Sam Hartman wrote:
"Andy" == Andy Bierman <[EMAIL PROTECTED]> writes:Andy> This is not an alternative. If you are not willing to make Andy> your technical objections to a technical specification Andy> publicly, then they cannot be part of the IETF Andy> decision-making process. At one level I agree here. Andy> What's to prevent a WG Chair from "padding" the anonymous Andy> "votes"? If 5 people in public (WG meeting or mailing list) Andy> are for some proposal, and the Chair says, "I heard from 6 Andy> people who are against this, but don't want their identities Andy> known, so the proposal is rejected." Not acceptable. I think that would be unacceptable. I think that a WG chair going to people who expressed private concerns and saying something like "Hey, you need to express your concerns in public. They are shared; if all of the people who have these concerns bring them forward then we would have enough interest in dealing with this issue. You have a week," is entirely fine. I also think it is fine for a WG chair to look at private technical concerns, realize they are correct and raise them to the WG. "I received a private concern; that mail pointed out that the following trivial attack will break the security of this protocol. We are not moving forward until someone fixes this problem or someone explains why I'm misunderstanding the situation."

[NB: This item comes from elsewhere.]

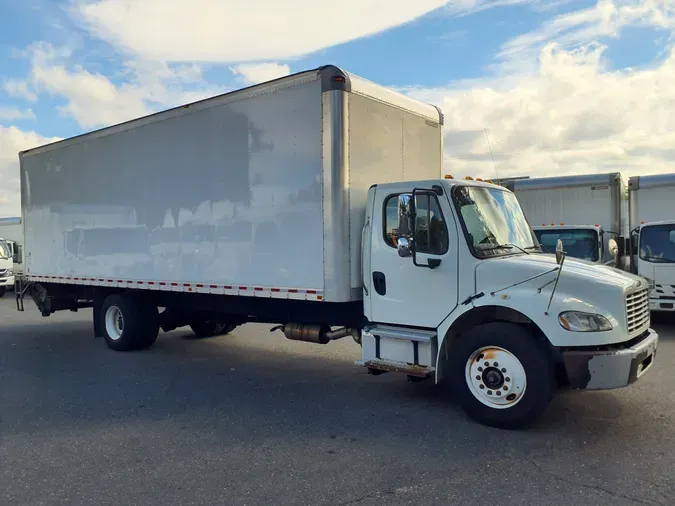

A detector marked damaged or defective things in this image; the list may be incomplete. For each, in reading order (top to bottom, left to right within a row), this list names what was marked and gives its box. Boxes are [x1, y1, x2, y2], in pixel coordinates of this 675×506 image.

pavement crack [528, 458, 664, 506]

I don't understand why such a comment needs to be private. Once the issue comes to light in the WG, it is no longer going to be private. You are assuming the Chair can and should be a proxy for a WG member who wishes to remain anonymous. I disagree.

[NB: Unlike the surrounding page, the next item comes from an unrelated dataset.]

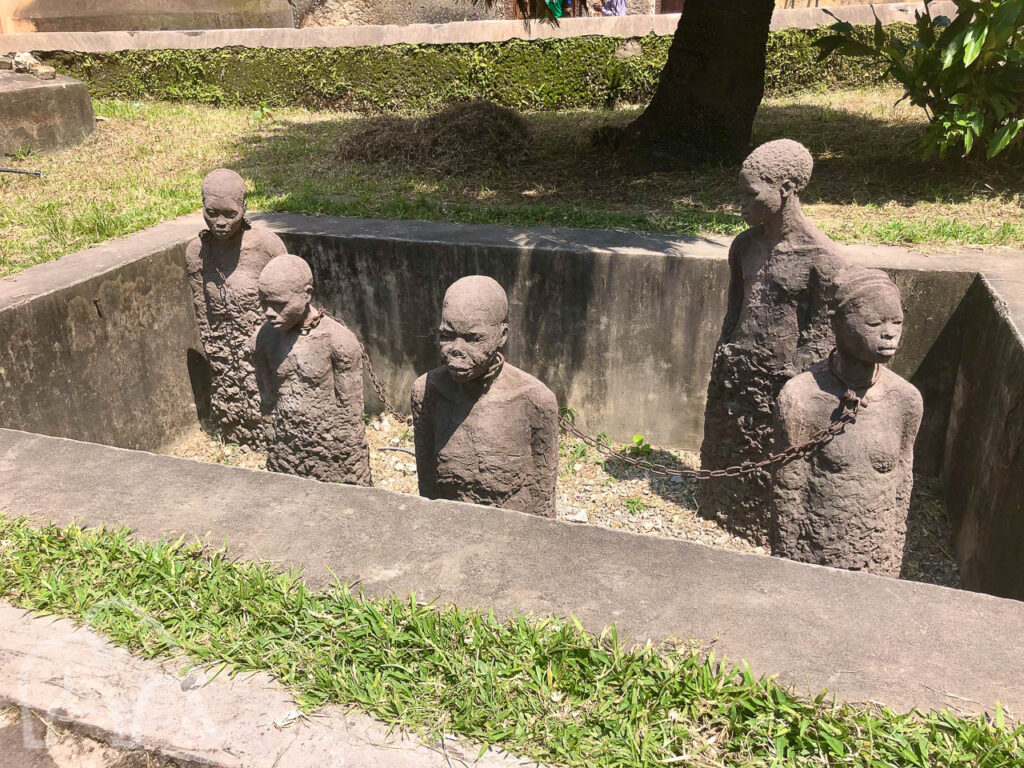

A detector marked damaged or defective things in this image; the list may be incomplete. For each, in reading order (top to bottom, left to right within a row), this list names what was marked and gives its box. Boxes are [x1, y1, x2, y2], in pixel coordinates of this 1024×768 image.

rusty chain link [561, 393, 864, 483]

It's probably even fine to say "I received a lot of private concerns. Are the people willing to make public comments firmly behind their support?"
I am specifically referring to technical comments. I realize that WG members may have non-technical concerns which are appropriate to convey to the Chair privately. I think the IETF consensus process is severely flawed. Many times I have encountered deadlocks because 3 people are strongly for something, 3 people are strongly against it, and 40 people couldn't care less which way the decision goes. Determining consensus based on hearsay and humming makes matters even worse.